Tag Archives: mean

Square sum and Arithmetic mean

I came across this coding question where one is given as input a sequence of n numbers, say  a_{1}, a_{2},...., a_{n}   and one has to output the number (need not be one of the input values) which would minimize the difference from that number squared and summed over all numbers in the input sequence i.e. if that number is K, then this sum

\displaystyle \sum_{i=1}^{n} (a_{i} - X)^{2} calculated over \forall X \in R is minimum when X=K.

My first guess was that number would be either mean or median.
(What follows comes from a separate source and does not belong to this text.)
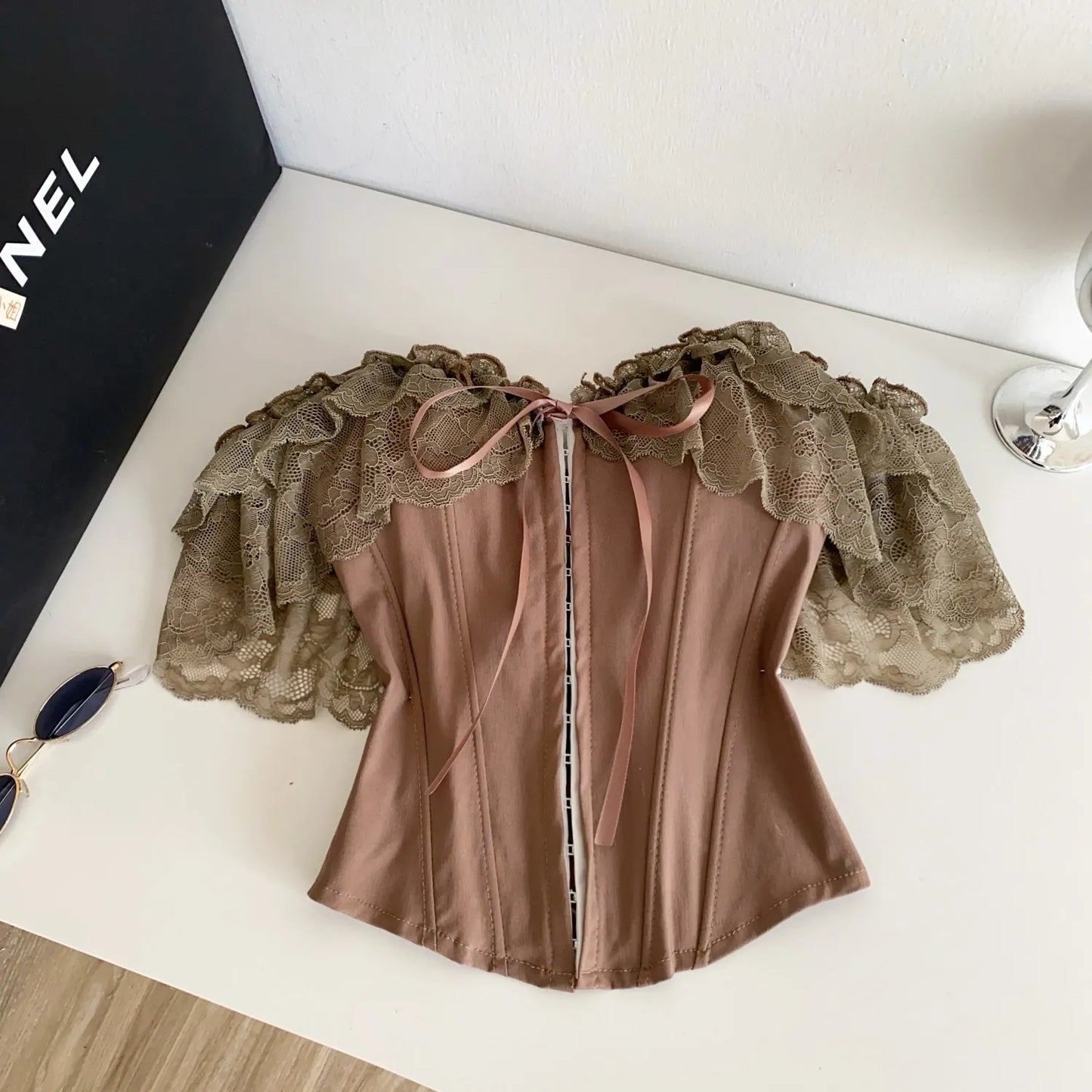 Feminine Lace Corset Tops Off Shoulder Lace Up Splice Summer 2026 Tank Top French Style Court Versatile Sensual Camis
After taking a few small examples, I could see that median wouldn't be the desired answer. So, I submitted my solution by calculating the mean of the numbers and it was accepted by the system.

But, I had to convince myself that this squared sum of differences of a sequence is indeed the minimum only about the arithmetic mean. Hence, I did the following elementary mathematical proof to convince myself.
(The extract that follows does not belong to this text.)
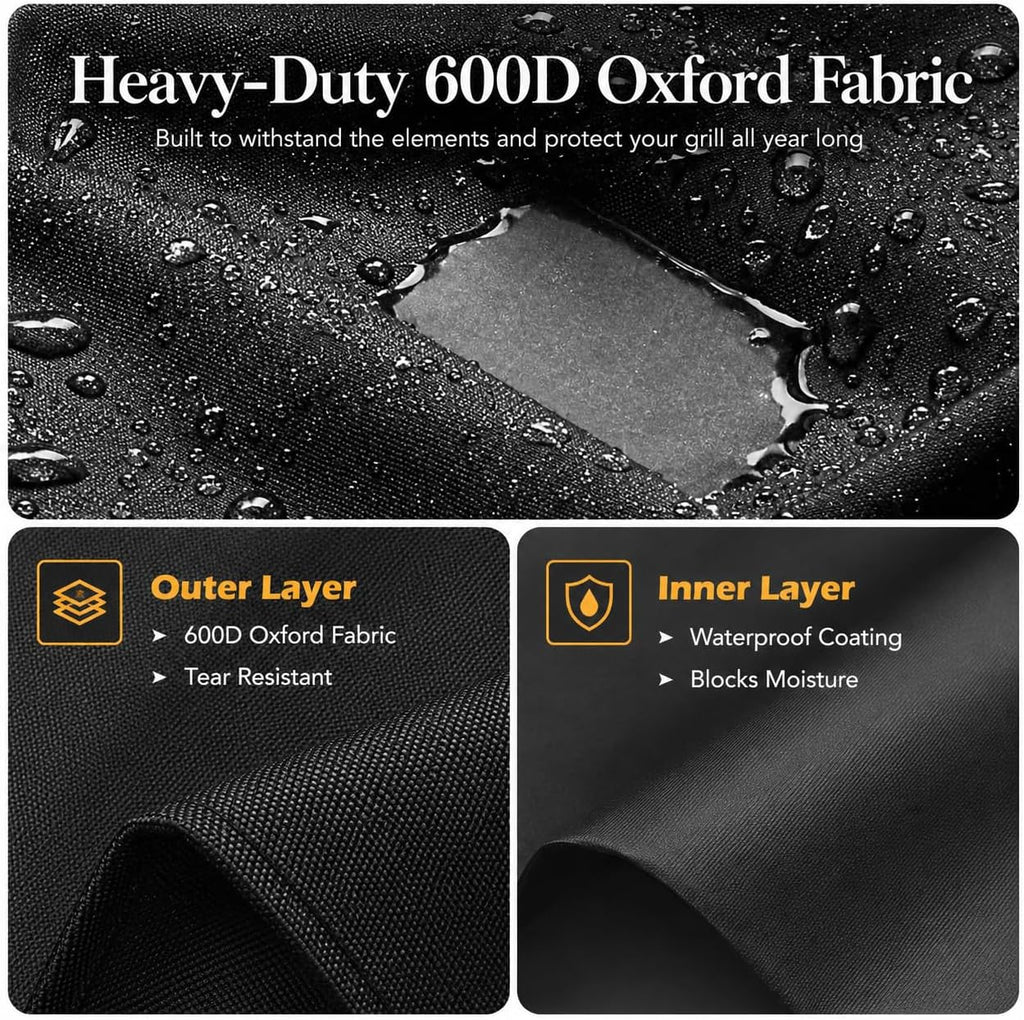 Waterproof Grill Cover 55 Inch for Outdoor Grill | Fits Weber, Char-Broil, Nexgrill, Monument, Dyna-Glo and More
Let's calculate the square sums across, a number X, which is  \delta away from M. So, X = M + \delta  where \delta \neq 0 . Let's see that difference of square sum calculated about mean, S_{M}, is always lesser than square sum calculated, S_{X} about any other number X.
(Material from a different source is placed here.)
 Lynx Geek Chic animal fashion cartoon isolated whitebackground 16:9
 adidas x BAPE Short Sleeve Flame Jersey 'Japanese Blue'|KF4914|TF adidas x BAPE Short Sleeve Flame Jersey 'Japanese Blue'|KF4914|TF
Arithmetic Mean, M = \frac {\displaystyle \sum_{i=1}^{n} a_{i}}{n} 
S_{M} = \displaystyle \sum_{i=1}^{n} (a_{i} - M)^{2} 
S_{X} = \displaystyle \sum_{i=1}^{n} (a_{i} - X)^{2}

S_{X} - S_{M}  
= \displaystyle \sum_{i=1}^{n} (a_{i} - X)^{2} - \sum_{i=1}^{n} (a_{i} - M)^{2}
= \displaystyle \sum_{i=1}^{n} [(a_{i} - X)^{2} - (a_{i} - M)^{2}]
= \displaystyle \sum_{i=1}^{n} [X^{2} - M^{2} - 2 a_{i} (X - M)]
= \displaystyle \sum_{i=1}^{n} [(M + \delta)^{2} - M^{2} - 2 a_{i} (M + \delta - M)] [Since, X = M + \delta]
= \displaystyle \sum_{i=1}^{n} [\delta^{2} + 2 M \delta - 2 a_{i} (\delta)]
= n (\delta^{2} + 2 M \delta)  - 2 \delta \displaystyle \sum_{i=1}^{n}  a_{i}  
= n \delta^{2} + 2 n M \delta - 2 \delta (n M)  [From definition of mean]
= n \delta^{2}
> 0 [Since \delta \neq 0 ]

Hence proved, S_{X} - S_{M} > 0 .

Hence proved that arithmetic mean is the right choice for minimizing the square difference sums of a given sequence of numbers.